◆ Problem description
Every line below from the one containing "History of Chemistry" through the one containing "von Independently published" is to be printed exactly, with the pictures omitted.

-- Available data follows --

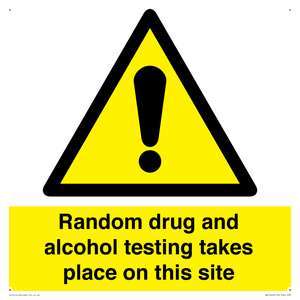 WV13422: Random drug and alcohol testing takes place on this site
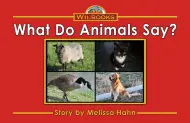 What Do Animals Say?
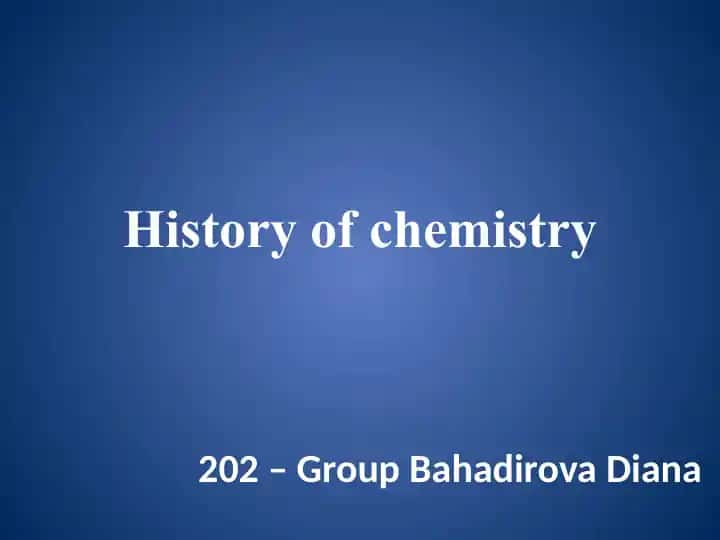 History of Chemistry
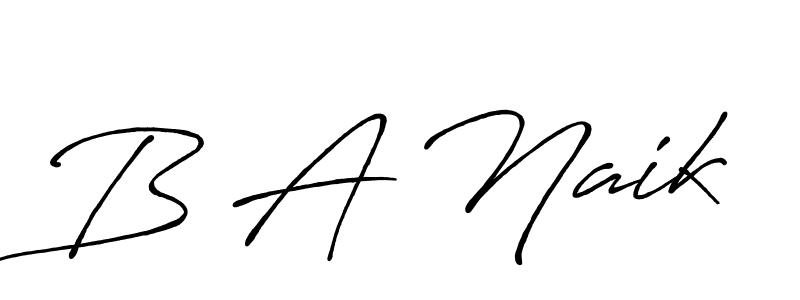 Also we have B A Naik name is the best signature style. Create professional handwritten signature collection using Antro_Vectra_Bolder autograph style. B A Naik signature style 7 images and pictures png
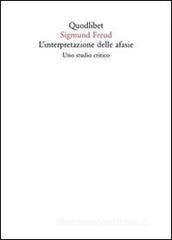 L' interpretazione delle afasie. Uno studio critico L' interpretazione delle afasie. Uno studio critico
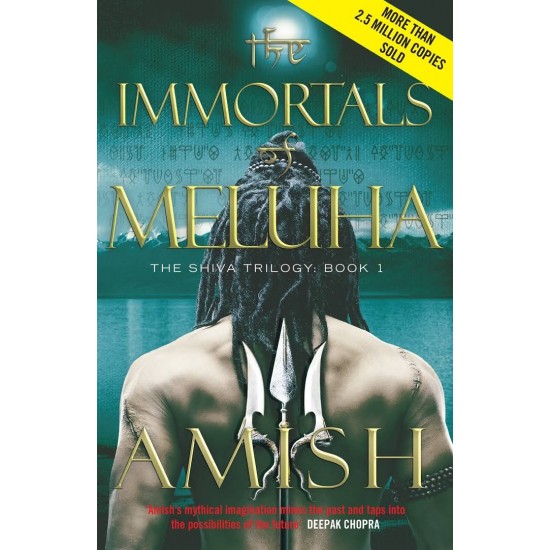 The Immortals of Meluha by Amish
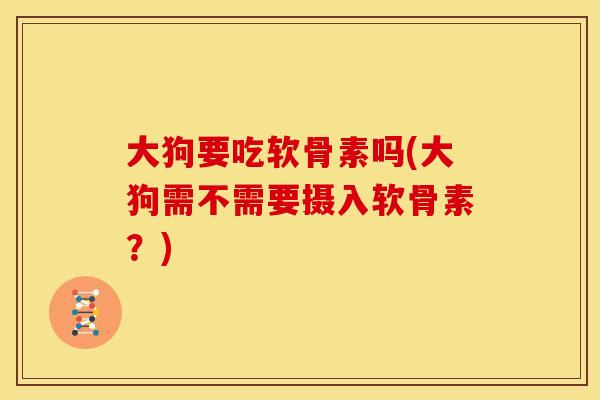 大狗要吃软骨素吗(大狗需不需要摄入软骨素？)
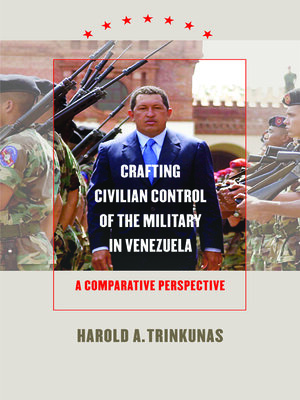 cover image of Crafting Civilian Control of the Military in Venezuela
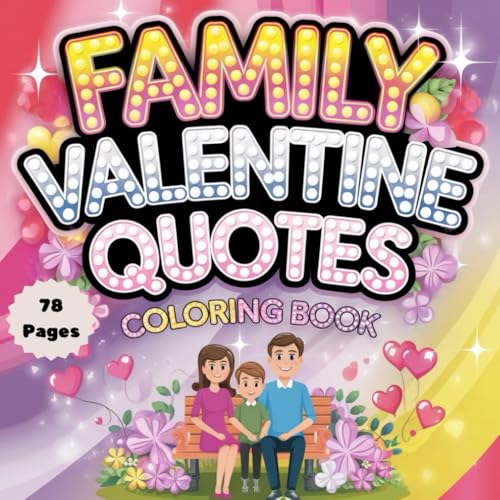 Family Valentine Quotes Coloring Book: 78 Pages of Heartwarming & Inspirational Family Quotes for Valentine’s Day (Valentine Coloring Book Series, Band 10) Family Valentine Quotes Coloring Book: 78 Pages of Heartwarming & Inspirational Family Quotes for Valentine’s Day (Valentine Coloring Book Series, Band 10) von Independently published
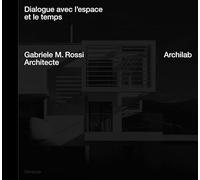 Dialogue avec l'espace et le temps: Archilab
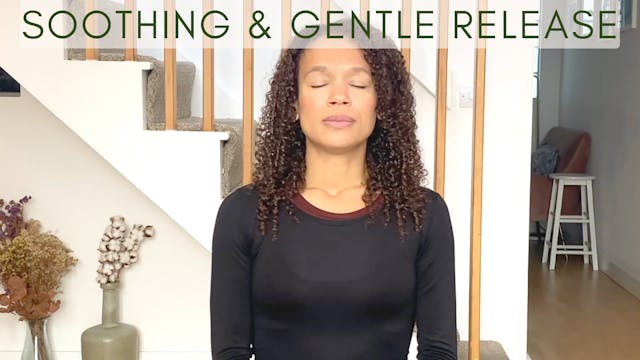 10 Min Soothing Breathing & Gentle Movement with Zakiya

-- Available data concluded --

◆ Result for this exercise
 History of Chemistry
 Also we have B A Naik name is the best signature style. Create professional handwritten signature collection using Antro_Vectra_Bolder autograph style. B A Naik signature style 7 images and pictures png
 L' interpretazione delle afasie. Uno studio critico L' interpretazione delle afasie. Uno studio critico
 The Immortals of Meluha by Amish
 大狗要吃软骨素吗(大狗需不需要摄入软骨素？)
 cover image of Crafting Civilian Control of the Military in Venezuela
 Family Valentine Quotes Coloring Book: 78 Pages of Heartwarming & Inspirational Family Quotes for Valentine’s Day (Valentine Coloring Book Series, Band 10) Family Valentine Quotes Coloring Book: 78 Pages of Heartwarming & Inspirational Family Quotes for Valentine’s Day (Valentine Coloring Book Series, Band 10) von Independently published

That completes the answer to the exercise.